To be sure, Putin isn't the dog wagging the U.S. tail. Where U.S. actions to protect and promote its vital interests conflict with Russia, so be it. But the question needs to be asked again and again: are American vital interests threatened by Putin in Eastern Europe? Isn't Europe principally Europe's concern? Isn't it incumbent on Europeans to meet the challenges posed by Russia on their continent? Europeans lack neither the manpower nor the means to do so. What they may lack is the will to deal with Putin.
The clash here is between moralizers and realists. (There are isolationists on the right and left, too. But isolationism is a nonstarter.)
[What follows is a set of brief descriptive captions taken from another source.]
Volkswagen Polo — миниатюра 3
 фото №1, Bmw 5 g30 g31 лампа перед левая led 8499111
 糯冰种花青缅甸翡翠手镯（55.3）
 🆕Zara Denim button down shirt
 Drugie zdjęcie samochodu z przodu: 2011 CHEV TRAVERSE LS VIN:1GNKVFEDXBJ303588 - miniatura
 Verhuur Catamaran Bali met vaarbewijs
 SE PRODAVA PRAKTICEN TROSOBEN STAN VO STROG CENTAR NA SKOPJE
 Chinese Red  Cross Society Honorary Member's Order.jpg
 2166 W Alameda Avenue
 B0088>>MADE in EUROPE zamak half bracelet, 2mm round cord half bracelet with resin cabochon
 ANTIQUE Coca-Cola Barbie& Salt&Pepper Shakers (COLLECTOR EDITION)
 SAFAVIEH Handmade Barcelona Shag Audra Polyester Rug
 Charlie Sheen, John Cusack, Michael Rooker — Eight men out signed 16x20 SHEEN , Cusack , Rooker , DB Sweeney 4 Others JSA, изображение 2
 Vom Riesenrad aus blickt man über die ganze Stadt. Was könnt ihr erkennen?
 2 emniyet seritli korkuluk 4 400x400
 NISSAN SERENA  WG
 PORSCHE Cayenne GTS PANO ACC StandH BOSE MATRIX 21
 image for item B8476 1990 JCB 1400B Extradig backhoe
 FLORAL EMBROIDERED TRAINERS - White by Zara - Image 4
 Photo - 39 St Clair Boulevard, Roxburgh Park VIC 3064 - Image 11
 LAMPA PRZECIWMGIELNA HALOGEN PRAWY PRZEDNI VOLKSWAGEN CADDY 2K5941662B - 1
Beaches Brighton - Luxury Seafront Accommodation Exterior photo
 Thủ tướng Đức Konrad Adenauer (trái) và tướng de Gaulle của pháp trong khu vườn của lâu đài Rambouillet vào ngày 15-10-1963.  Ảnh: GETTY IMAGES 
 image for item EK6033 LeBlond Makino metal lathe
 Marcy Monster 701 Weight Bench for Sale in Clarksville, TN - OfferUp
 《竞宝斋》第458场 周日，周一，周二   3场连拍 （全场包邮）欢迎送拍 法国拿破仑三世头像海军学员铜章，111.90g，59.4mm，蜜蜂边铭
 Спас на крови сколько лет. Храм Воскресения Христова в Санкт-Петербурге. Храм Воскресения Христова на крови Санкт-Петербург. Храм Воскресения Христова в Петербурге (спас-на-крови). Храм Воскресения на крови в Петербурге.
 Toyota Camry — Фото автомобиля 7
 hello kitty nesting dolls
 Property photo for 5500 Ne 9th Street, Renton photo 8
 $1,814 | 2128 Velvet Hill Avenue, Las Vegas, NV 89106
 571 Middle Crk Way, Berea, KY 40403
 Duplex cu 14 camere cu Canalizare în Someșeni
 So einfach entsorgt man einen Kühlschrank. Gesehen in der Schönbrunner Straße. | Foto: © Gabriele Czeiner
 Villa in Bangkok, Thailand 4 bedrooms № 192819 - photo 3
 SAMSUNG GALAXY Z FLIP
The Marco Rubios insist that the U.S. is a global superhero, righting wrongs, smashing injustices, and giving the old Pow! Bang! to thugs like Putin. The realists – Trump, notably – wear no blinders. "Bad hombres" are throughout the world. But the imperative is U.S. interests. Woodrow Wilson – not the Founders – invented the catchphrase "making the world safe for democracy." Wilson's words were breezy abstraction verging on adventurism. "Arsenal of Democracy" was an FDR phrase, aimed at helping the allies in the war against Hitler. FDR's "arsenal" made sense in time and place.
Russia is a competitor, but it needn't be an enemy. Where the two nations can cooperate, cooperation should be welcomed. The litmus test for cooperating with Russia is about whether or not vital U.S. interests are served. Likewise, if clashes occur with the Russians, let those center on safeguarding America's critical interests.
Competing with the Russians, President-Elect Trump grasps that the U.S. can gain real advantages in two key areas: militarily, through a major buildup of forces and means, and via energy independence. Freeing the U.S. from overseas energy unfetters the nation to pursue its interests with fewer complications.
Trump and Tillerson are apex business leaders, practical and grounded. Their eyes are on the prize: U.S. advantage and security. Maybe Marco Rubio will come around.